## Records from a data source
=== Section Start ===

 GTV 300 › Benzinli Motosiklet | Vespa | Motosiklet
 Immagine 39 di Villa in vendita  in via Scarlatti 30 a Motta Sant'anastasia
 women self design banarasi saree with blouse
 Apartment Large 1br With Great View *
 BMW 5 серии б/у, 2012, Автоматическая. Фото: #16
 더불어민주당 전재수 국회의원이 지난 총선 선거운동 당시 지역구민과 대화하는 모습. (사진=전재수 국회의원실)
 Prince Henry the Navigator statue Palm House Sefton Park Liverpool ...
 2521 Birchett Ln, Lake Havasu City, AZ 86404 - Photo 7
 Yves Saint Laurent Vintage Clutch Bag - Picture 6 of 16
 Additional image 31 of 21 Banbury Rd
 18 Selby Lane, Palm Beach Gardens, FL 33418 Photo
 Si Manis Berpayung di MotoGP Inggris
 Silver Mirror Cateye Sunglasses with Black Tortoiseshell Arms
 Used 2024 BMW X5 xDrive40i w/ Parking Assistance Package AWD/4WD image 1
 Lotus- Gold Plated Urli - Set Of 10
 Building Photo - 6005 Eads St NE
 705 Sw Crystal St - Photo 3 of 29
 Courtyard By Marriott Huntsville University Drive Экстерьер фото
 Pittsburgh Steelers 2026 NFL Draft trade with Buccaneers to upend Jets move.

=== Section End ===

## DIRECTIONS
Restate exactly each line of the data from the one bearing "705 Sw Crystal St - Photo 3 of 29" to the end, and add nothing.

## OUTPUT
 705 Sw Crystal St - Photo 3 of 29
 Courtyard By Marriott Huntsville University Drive Экстерьер фото
 Pittsburgh Steelers 2026 NFL Draft trade with Buccaneers to upend Jets move.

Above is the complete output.